§ EXERCISE GOAL: Repeat every line of the data exactly; no picture belongs in the copy.

§ RECORDED DATA:
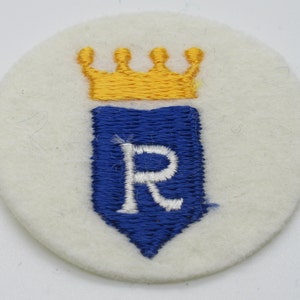 May include: A circular off-white felt patch featuring an embroidered blue shield centered with a white letter R. Above the shield is an embroidered yellow crown. The design is stitched directly onto the circular fabric base with visible thread.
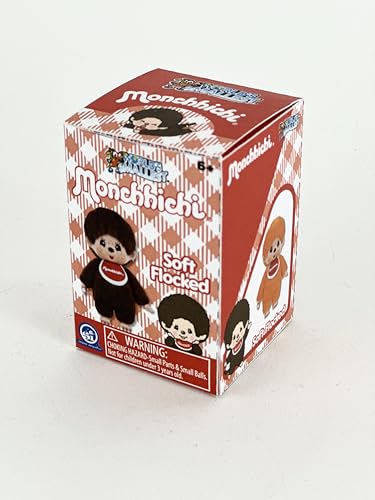 World's Smallest Monchhichi miniature shown in hand for scale and collectibility.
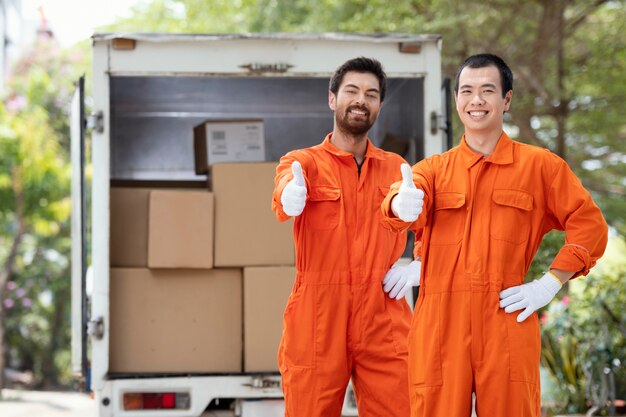 Young delivery men showing ok sign near delivery car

§ ANSWER TO THE EXERCISE:
 May include: A circular off-white felt patch featuring an embroidered blue shield centered with a white letter R. Above the shield is an embroidered yellow crown. The design is stitched directly onto the circular fabric base with visible thread.
 World's Smallest Monchhichi miniature shown in hand for scale and collectibility.
 Young delivery men showing ok sign near delivery car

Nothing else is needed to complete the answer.